“But, what things were gain to me, those I counted loss for Christ.  Yea, doubtless, and I count all things but loss for the excellency of the knowledge of Christ Jesus my Lord. . .forgetting those things which are behind and reaching forth unto those things which are before.”

Philippians 3:8a, 13b

When we know where we want/need to be, getting there is a matter of intentionality and increments.

Decide.  Commit.  Succeed.

Those three, simple words are the “keys to success” for a popular exercise program.  They sum up in a succinct way the steps needed to change your physical fitness, strength, weight, etc.:  Decide that you want to change.  Commit to the exercise and diet plans.  And, succeed.

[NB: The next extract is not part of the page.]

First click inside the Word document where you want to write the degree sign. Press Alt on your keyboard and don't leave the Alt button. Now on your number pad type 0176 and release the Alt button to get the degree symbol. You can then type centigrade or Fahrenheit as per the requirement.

Sounds simple, doesn’t it?

Yes, incredibly so.

But, what’s the problem?

It’s called “will power”—or, a less offensive way of saying it is “want to,” i.e., “how badly do you want to change?”

After meeting the Risen Lord on the Road to Damascus, the Apostle Paul realized he’d been traveling down the Road of Religiosity, not God-given Righteousness, and something had to give if he was going to follow Christ.

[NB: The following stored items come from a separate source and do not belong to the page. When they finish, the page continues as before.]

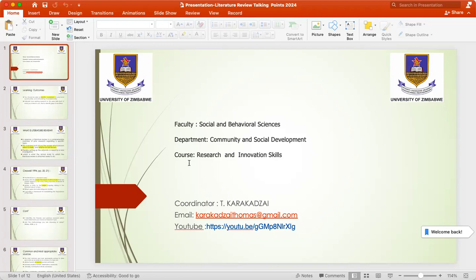My name is Thomas Karagadzai. I'm going to take you through the literature review session. I'd like to thank the faculty for organizing the research and innovation skills course or module, where we are going to explore and examine how research and innovation can be done.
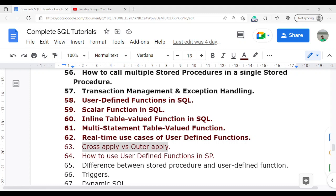I will discuss in detail what is the cross apply and what is the outer apply and what scenario you will use them. Basically, when students get confused here, they think that cross apply is equivalent to the cross join, but this is the wrong understanding. So if you are still thinking that cross apply and cross join are the same, you are wrong. I am going to discuss what exactly is the cross apply and what is the outer apply, and what relationship they have with the user defined function — which is why I am discussing this after covering user defined functions.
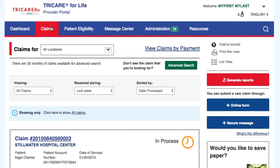Select Claims in the top navigation. Select the Generate Reports button on the right side of the page.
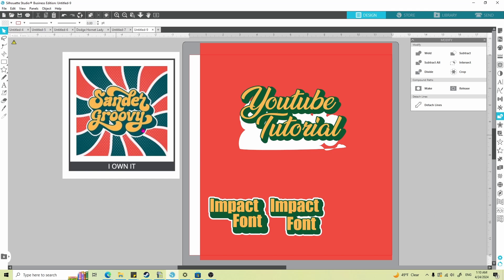That's how I would go about creating this font effect with whatever font you prefer to use. Thank you for watching — I appreciate all of you who have subscribed, left comments, been encouraging, and just been along for the ride. If you have any questions, comments, or concerns about this video, this technique, or any other techniques or questions for Silhouette Studio and the use of the software, please feel free to leave them below.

Such changes are not easy. . .especially when you’re “somebody” as Paul was in the Jewish community.  He had his Ph.d in Pharisaism. . . was a graduate of Gamaliel’s elite theological academy. . .had the right blood-line pedigree. . .and prided himself on being more zealous “for the faith” than his counterparts (Phil. 3:3-6).

But, something was missing.

And, that “something” turned out to be Someone.

Thus, he reached as “crisis of faith” where he had to decide if he truly wanted to follow Christ or stay where he was.  Changing would be costly.  And, it certainly meant moving out of his comfort zone.

Yet, he determined “knowing Christ and the power of His resurrection, the fellowship of His sufferings and being made conformable to His death” (v.10) was better than all of men’s applause, approval and accolades (vv.7-8).

So, he “decided. . .committed. . .and succeeded.”

He focused on one thing (“the excellency of knowing Christ”), intentionally committed to “reaching forth and pressing toward” (vv.13b-14) by purposely “forgetting those things which are behind.”

Focus and forgetfulness always go together, Pilgrim.  We can’t go with God and stay where we are.  And, we certainly can’t plow a straight row when we’re looking backwards (Lk. 9:62).  May the Holy Spirit help us today to make Him #1 in everything (Mt. 6:33) and then make what changes are necessary to succeed. . .step-by-step. . .day-by-day.